Ceph/CVMFS/Filer Service Meeting

Europe/Zurich
600/R-001 (CERN)

600/R-001

CERN

15
Show room on map
    • 14:00 14:05
      CVMFS 5m
      Speaker: Enrico Bocchi (CERN)

      Enrico:

      • Quiet Christmas break
        • atlas.cern.ch hanging on publish
        • cvmrepo.web.cern.ch down (again) for 1+ day
        • BNL complaining about new signing key for 'belle.cern.ch'
      • Collectd process spinning 100% on machines in 'cvmfs/one/backend' hostgroup: INC2261294
      • Working on frontier-squid on personal non-puppetized (yet) VM
      • Restarting YubiKey signing campaign. Will circulate list of repos, dates, and warn owners and Stratum operators well in advance
    • 14:05 14:10
      Ceph Upstream News 5m

      Releases, Tickets, Testing, Board, ...

      Speaker: Dan van der Ster (CERN)

      Version recap:

      • nautilus: v14.2.5 has ~one known issue on large clusters, with ceph-mgr using lots of cpu: https://tracker.ceph.com/issues/43364 Fix is available and v14.2.6 should be released soon. We could also build a quick hotfix.
      • mimic: v13.2.7 should have the same issue as above (the issue is coming from the new network ping monitoring). We're running this version already on large clusters and the cpu usage is high but not causing any problems.
      • luminous: v12.2.12 is stable but there are a lot of fixes on the luminous backports branch so there should be a .13 release at some point. I don't see any strong reason to stay on luminous much longer -- nautilus looks good.
    • 14:10 14:15
      Ceph Backends & Block Storage 5m

      Cluster upgrades, capacity changes, rebalancing, ...
      News from OpenStack block storage.

      Speaker: Theofilos Mouratidis (National and Kapodistrian University of Athens (GR))
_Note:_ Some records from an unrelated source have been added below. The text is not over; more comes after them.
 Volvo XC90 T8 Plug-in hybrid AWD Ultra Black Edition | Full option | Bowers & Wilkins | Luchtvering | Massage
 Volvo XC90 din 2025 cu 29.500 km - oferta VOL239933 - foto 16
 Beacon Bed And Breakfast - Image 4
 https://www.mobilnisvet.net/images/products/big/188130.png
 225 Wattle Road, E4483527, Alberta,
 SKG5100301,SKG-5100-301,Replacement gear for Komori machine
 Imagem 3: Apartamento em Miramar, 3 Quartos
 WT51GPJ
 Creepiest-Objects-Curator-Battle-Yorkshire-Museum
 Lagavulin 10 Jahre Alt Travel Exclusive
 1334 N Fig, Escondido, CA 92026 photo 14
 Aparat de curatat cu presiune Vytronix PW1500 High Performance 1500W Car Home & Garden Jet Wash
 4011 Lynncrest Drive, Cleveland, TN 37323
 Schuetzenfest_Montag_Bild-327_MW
      Incidents over break:

      • SSD failed: 6 osds in beesly
      • Dec 29 incident: possible network or block storage glitch.
      • CephFS slow ops.

      Maintenance after break:

      • osdmaps beesly were piling up: restarted leader
      • stray dir growing on flax: 200k entries. ls -lR fixed.
    • 14:15 14:20
      Ceph Disk Management 5m

      OSD Replacements, Liaison with CF, Failure Predictions

      Speaker: Julien Collet (CERN)

      Julien

      • Disk replacement procedures improvements (CEPH-790):
        • Current procedure when machine goes into intervention:
          • Setting a hardcoded routine to prevent the script from running
          • Probably not very good practice
        • Proposition:
          • The person responsible for the intervention sets roger to intervention with a message
          • Scripts checks the roger status before actually running
          • This is being tested, could go in production today.
    • 14:20 14:25
      S3 5m

      Ops, Use-cases (backup, DB), ...

      Speakers: Julien Collet (CERN), Roberto Valverde Cameselle (Universidad de Oviedo (ES))

      Julien

      • CEPH-782: cern-s3-scanner.py
        • Most of the available tools (S3scanner, slurp, ...) just only do requests and test the return status code.
        • Difficult to adapt their code for us, since it uses a lot of amazon-specific things we don't need/use.
        • First python implementation here: https://gitlab.cern.ch/jcollet/code-misc/tree/master/cern-s3-scanner
        • Questions:
          • Where do we want this to be running?
          • How often?
    • 14:25 14:30
      CephFS/HPC/FILER/Manila 5m

      Filer Migration, CephFS/Manila, HPC status and plans.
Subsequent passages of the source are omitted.